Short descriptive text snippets
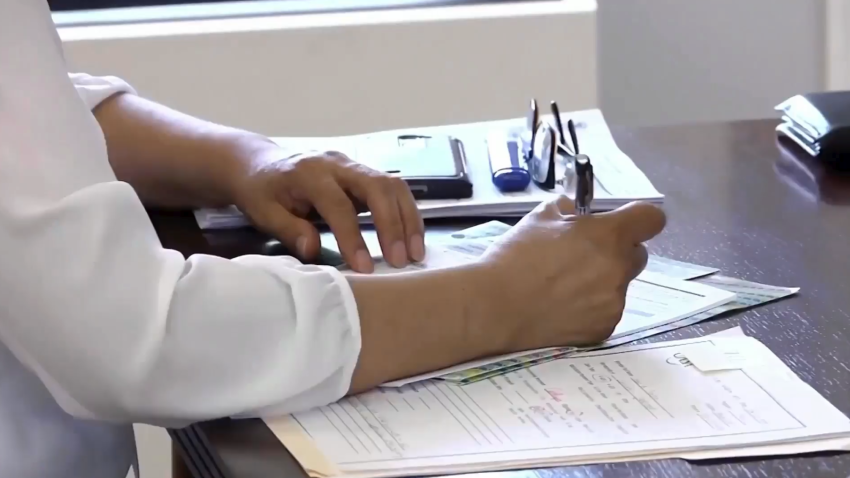Foto de una persona firmando unos documentos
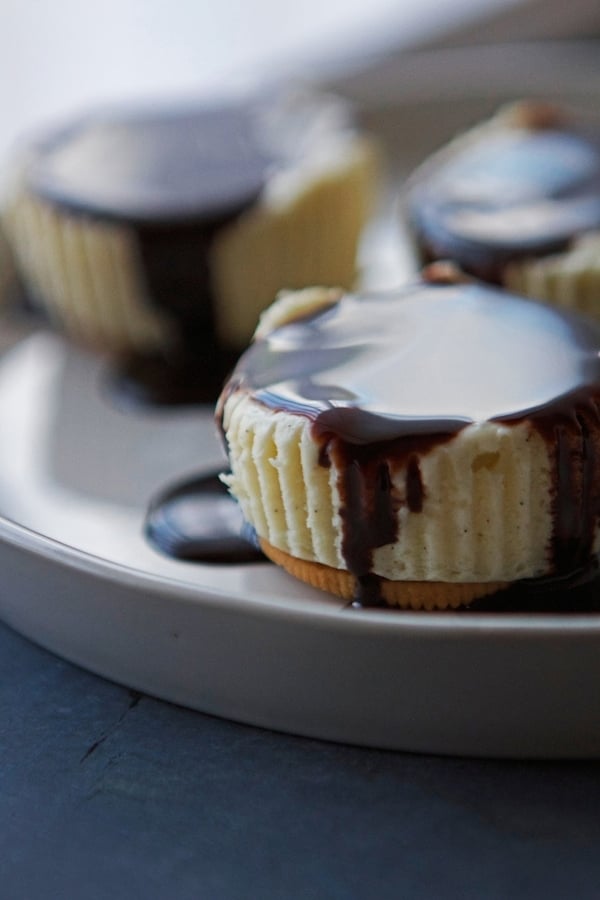 Mini Cheesecakes with chocolate sauce on top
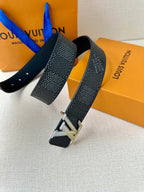 Dark textured belt with silver buckle and punched leather strap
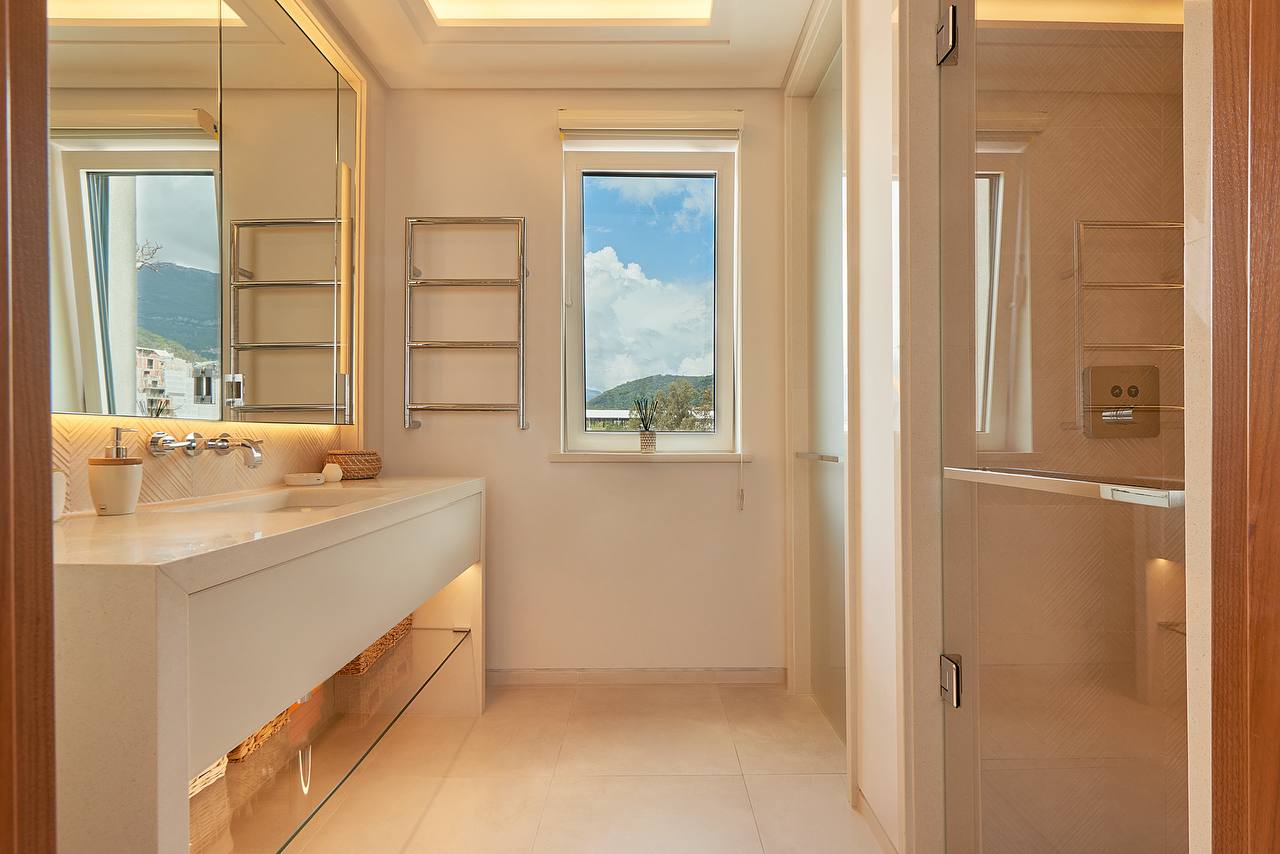 Modern bathroom in an apartment in Porto Montenegro, Tivat, Montenegro: light finishes, shower, and mountain view.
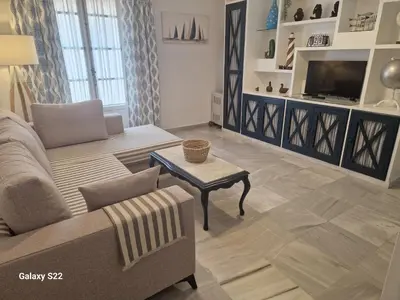 a living room with a couch and a table and a tv at RESIDENCIAL VICTORIA CENTRO in Sanlúcar de Barrameda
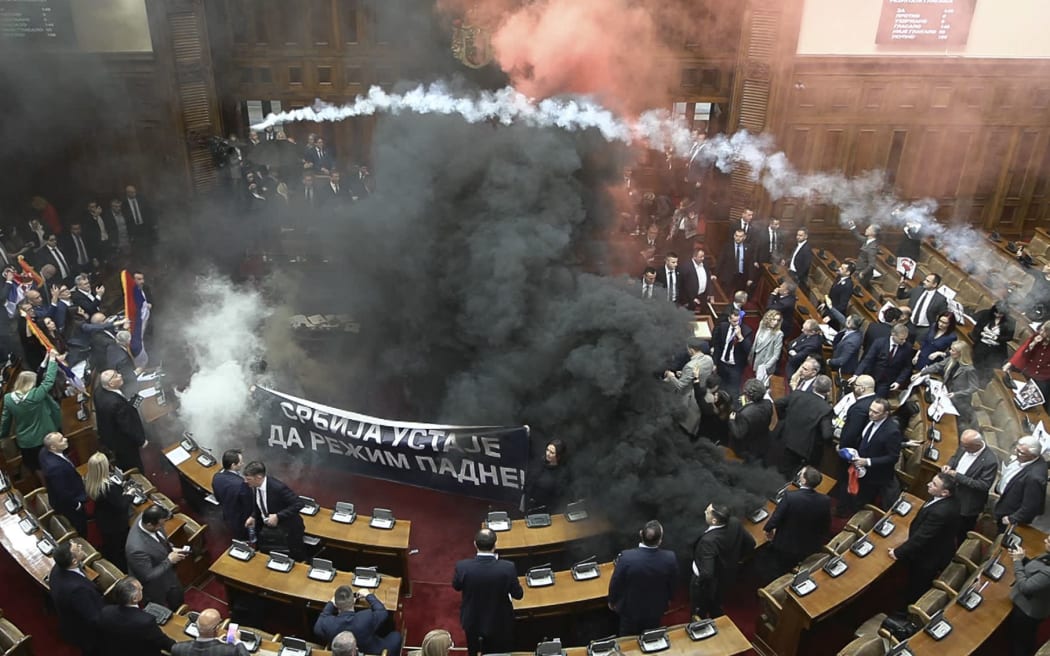 Smoke fills Serbia's parliament on 4 March as lawmakers unroll a banner that reads: "Serbia rises up to bring down the regime."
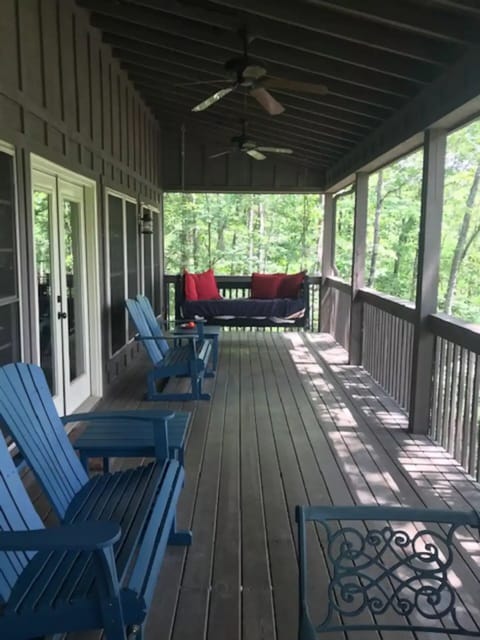 Large deck includes additional dining table and offers stunning lake views.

### Problem description
I'd like every record printed exactly, with the pictures left out.

### Answer box
Foto de una persona firmando unos documentos
 Mini Cheesecakes with chocolate sauce on top
 Dark textured belt with silver buckle and punched leather strap
 Modern bathroom in an apartment in Porto Montenegro, Tivat, Montenegro: light finishes, shower, and mountain view.
 a living room with a couch and a table and a tv at RESIDENCIAL VICTORIA CENTRO in Sanlúcar de Barrameda
 Smoke fills Serbia's parliament on 4 March as lawmakers unroll a banner that reads: "Serbia rises up to bring down the regime."
 Large deck includes additional dining table and offers stunning lake views.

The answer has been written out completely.